Mervyn King's economic inspirations

 

Mervyn King speaks to the BBC's economics editor Stephanie Flanders about the great thinkers of economics

Sir Mervyn King was an economics professor at the London School of Economics before joining the Bank of England in 1991, and becoming its governor in 2003.

He studied at John Maynard Keynes' old college in Cambridge in the 1960s at a time when Keynesian economics was in the ascendant, but about to come under attack from monetarist economists such as Milton Friedman.

To my knowledge, Sir Mervyn has given just three extended television interviews since becoming governor. Only one of these - last month, for Channel 4 - was broadcast live.

I sat down with him for this interview in late February 2012 for the BBC 2 series, Masters of Money - a documentary series about the lives and economic thinking of Keynes, Friedrich Hayek and Karl Marx which I have written about before. The last episode, on Marx, is broadcast on 1 October.

In this interview the governor of the Bank of England comments on each man's contribution to economic history, and the relevance of their ideas to recent events.
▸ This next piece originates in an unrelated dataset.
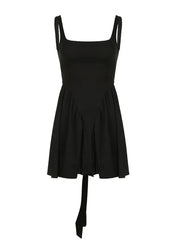 Bandage Backless Dress Women Bow Splice Folds Elegant High Waist Sundress Hot Girls 2025 Street Sexy Lace Up Dress FemmeChristmas Gifts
Sir Mervyn says that the last few years have given him a deeper understanding of some of Keynes' writing about the 1930s.

Before the financial crisis of 2008, Sir Mervyn says, he had struggled to comprehend how policymakers had allowed the economic disasters of the interwar years to take place. Now he understands all too well.

He credits Hayek with having given economists a valuable warning against hubris. We can't predict the future, he says. And we probably can't prevent more crises from happening. But we can try to make the system better at coping with them.